Data for analysis:
════════
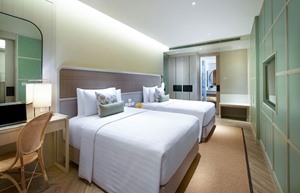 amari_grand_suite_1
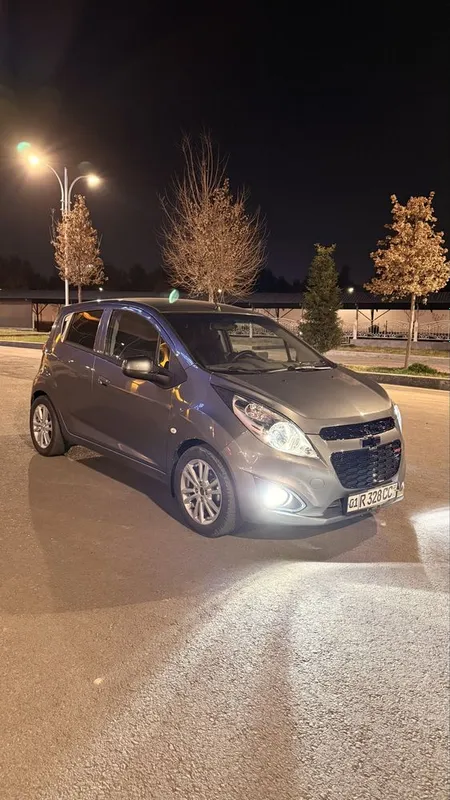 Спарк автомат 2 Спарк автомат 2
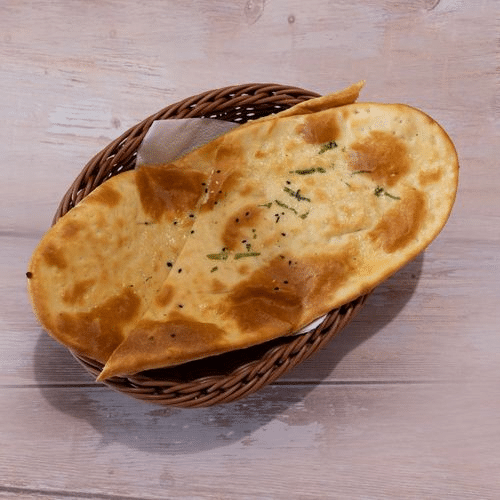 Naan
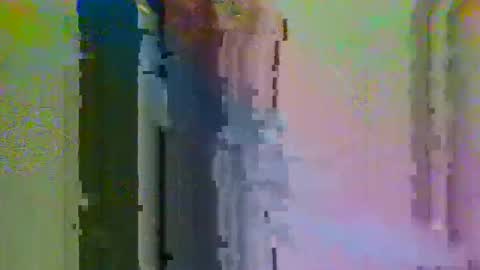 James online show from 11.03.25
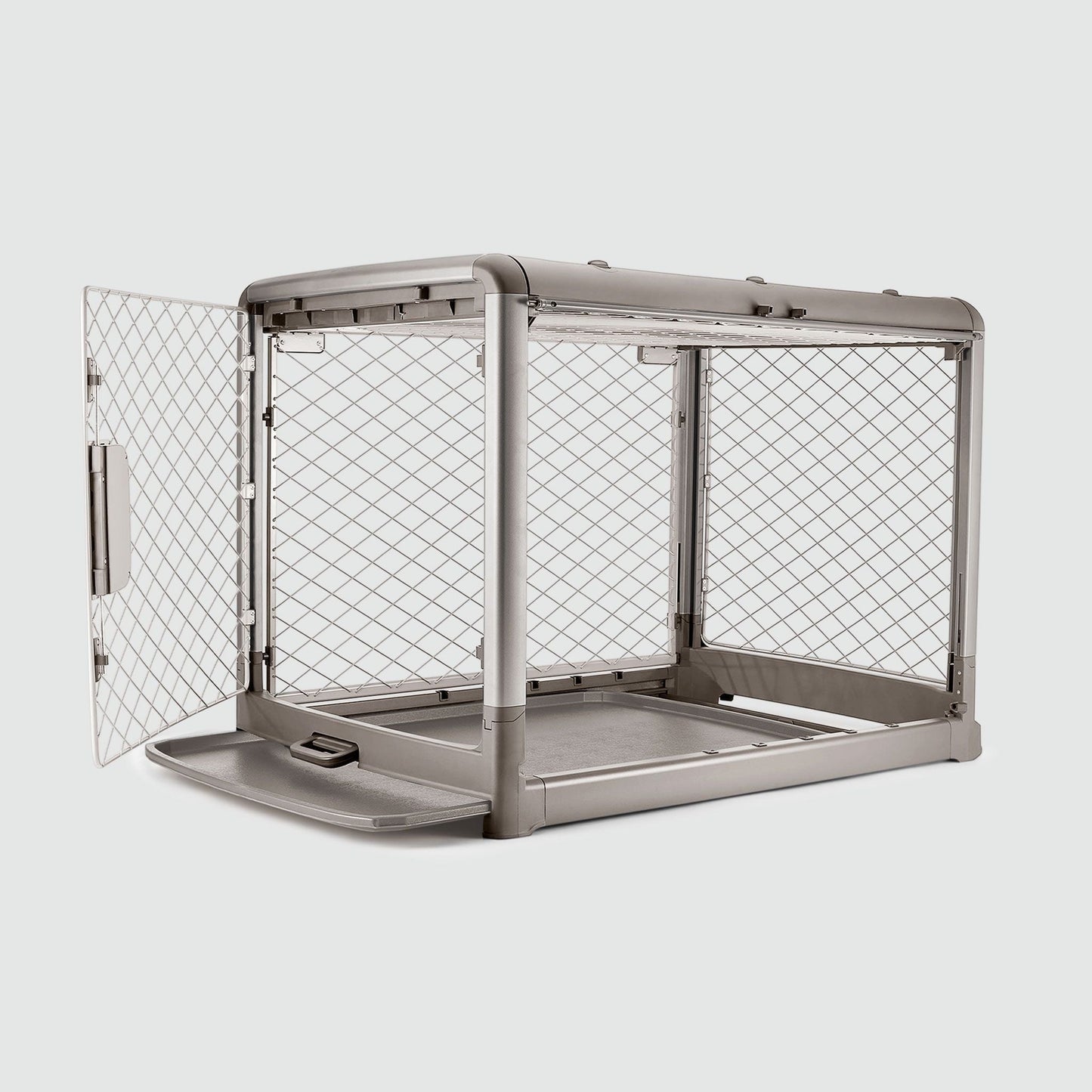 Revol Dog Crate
════════
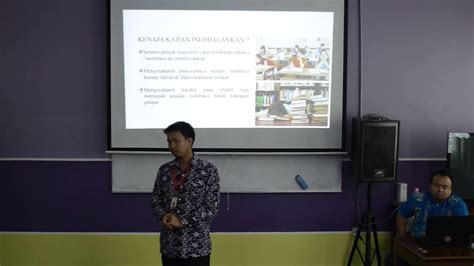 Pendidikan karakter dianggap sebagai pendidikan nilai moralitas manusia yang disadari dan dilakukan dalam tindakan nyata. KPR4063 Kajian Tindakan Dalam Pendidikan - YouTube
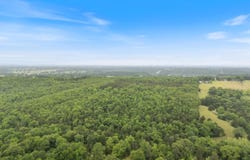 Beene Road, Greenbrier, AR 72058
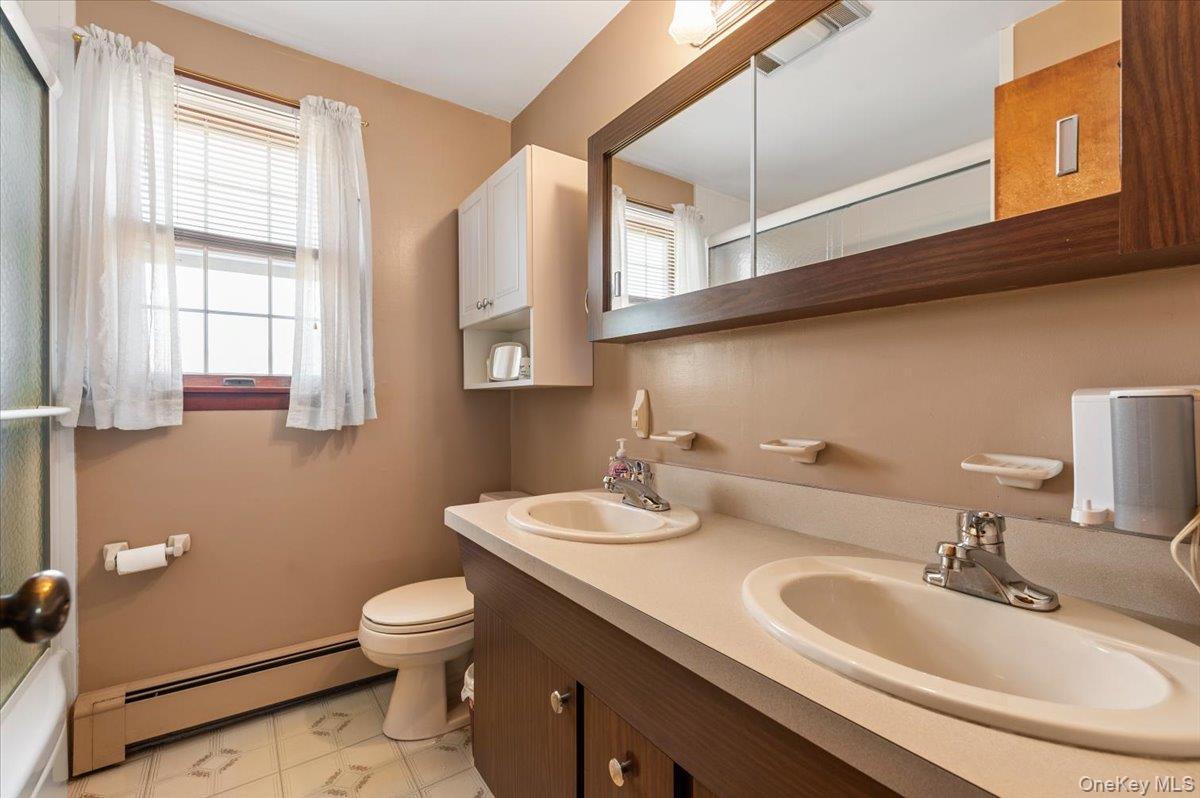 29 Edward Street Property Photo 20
════════
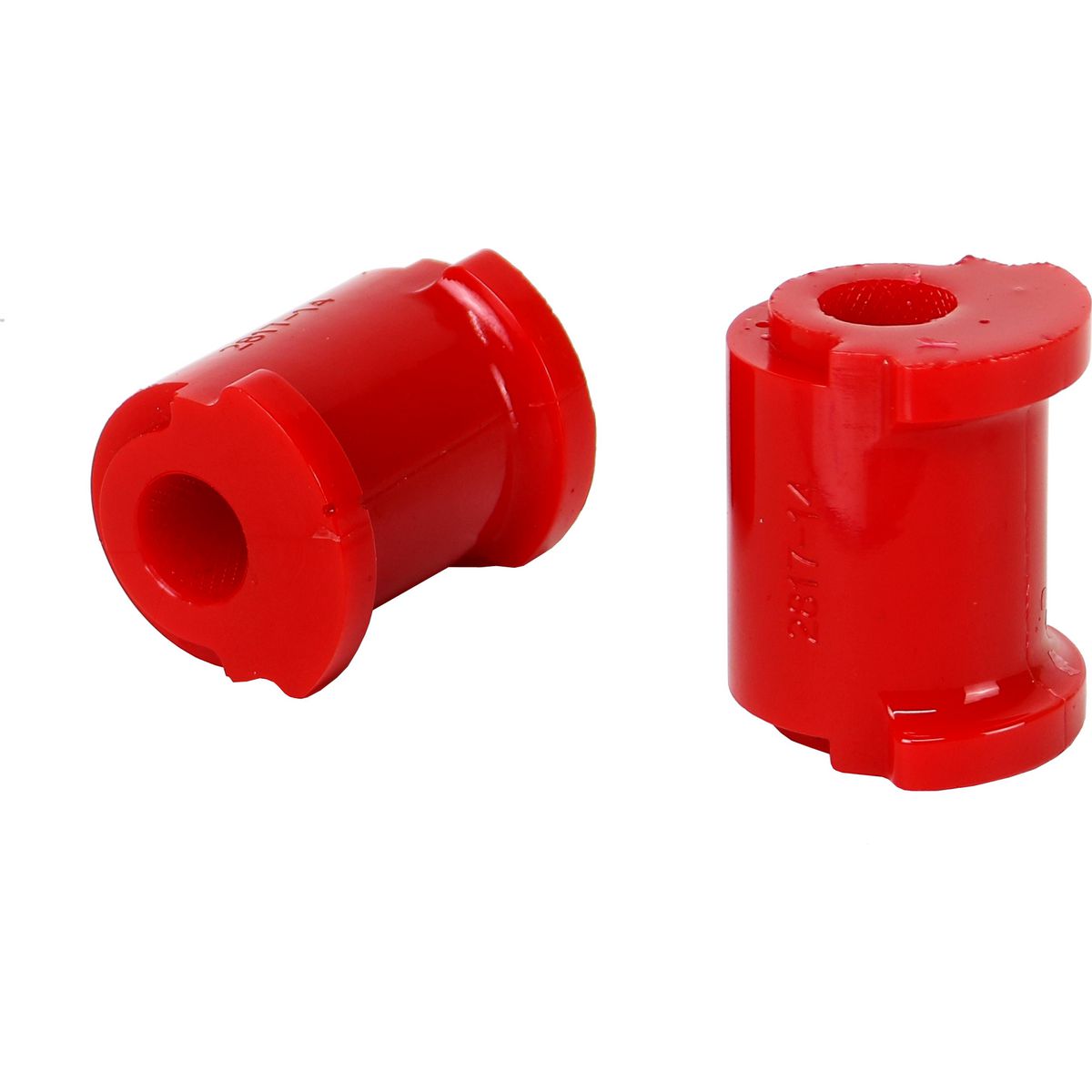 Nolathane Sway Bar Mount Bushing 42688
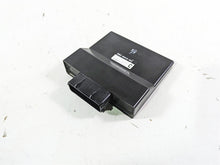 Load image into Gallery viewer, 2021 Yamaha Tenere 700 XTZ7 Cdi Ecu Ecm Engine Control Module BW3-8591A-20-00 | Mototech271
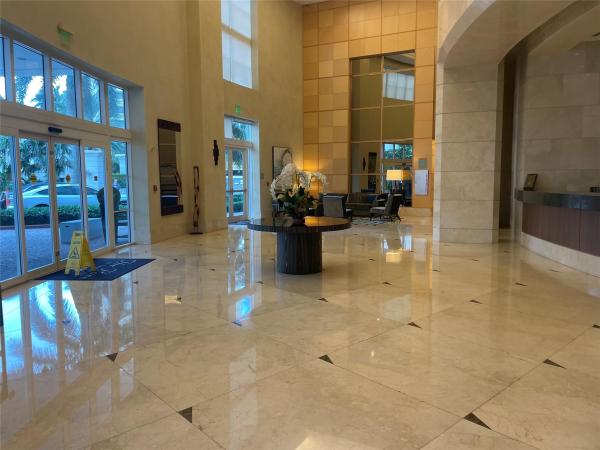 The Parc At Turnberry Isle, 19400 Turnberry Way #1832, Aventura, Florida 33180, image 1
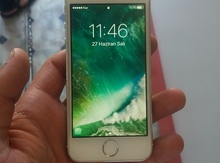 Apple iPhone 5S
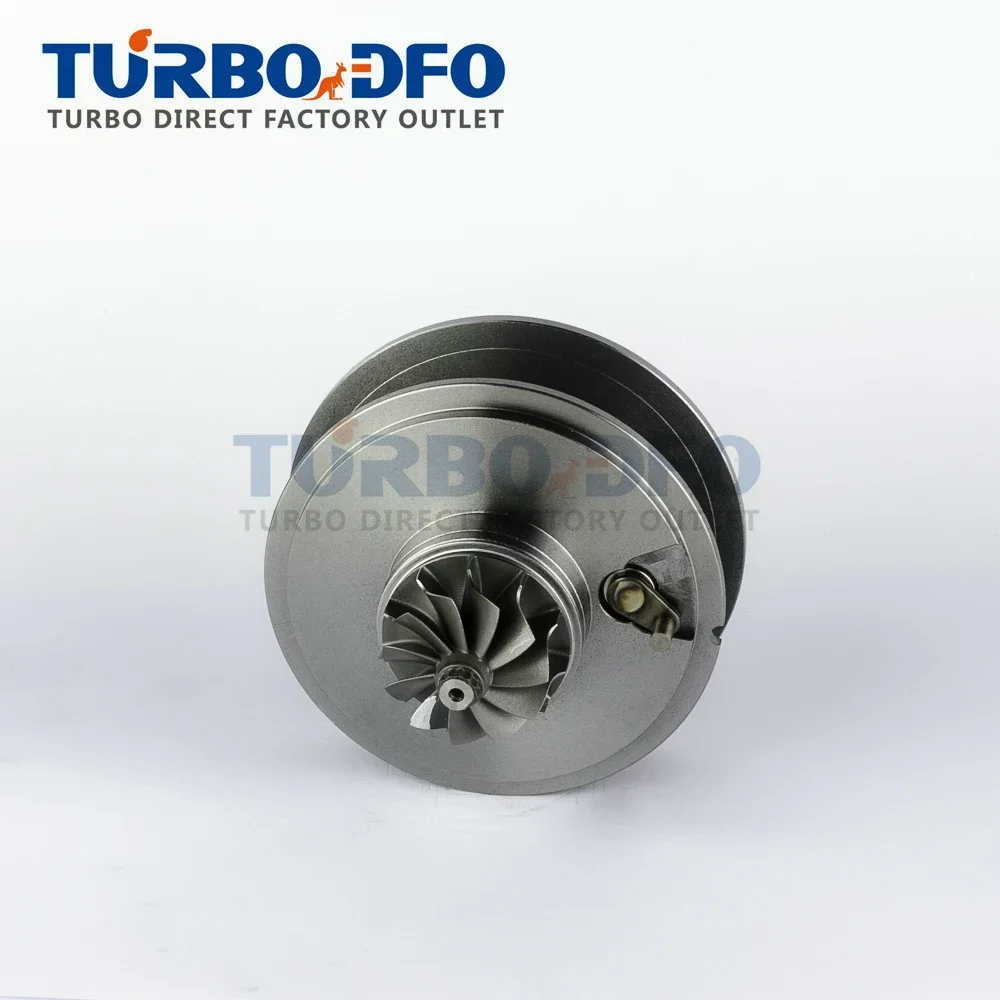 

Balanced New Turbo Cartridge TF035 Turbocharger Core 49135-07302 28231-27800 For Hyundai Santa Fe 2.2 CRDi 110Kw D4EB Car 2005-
════════
Directions: Starting at the line above with "Load image into", output every line exactly up to and including the line with "Apple iPhone 5S", but none of the pictures.

Output for this exercise:
 Load image into Gallery viewer, 2021 Yamaha Tenere 700 XTZ7 Cdi Ecu Ecm Engine Control Module BW3-8591A-20-00 | Mototech271
 The Parc At Turnberry Isle, 19400 Turnberry Way #1832, Aventura, Florida 33180, image 1
 Apple iPhone 5S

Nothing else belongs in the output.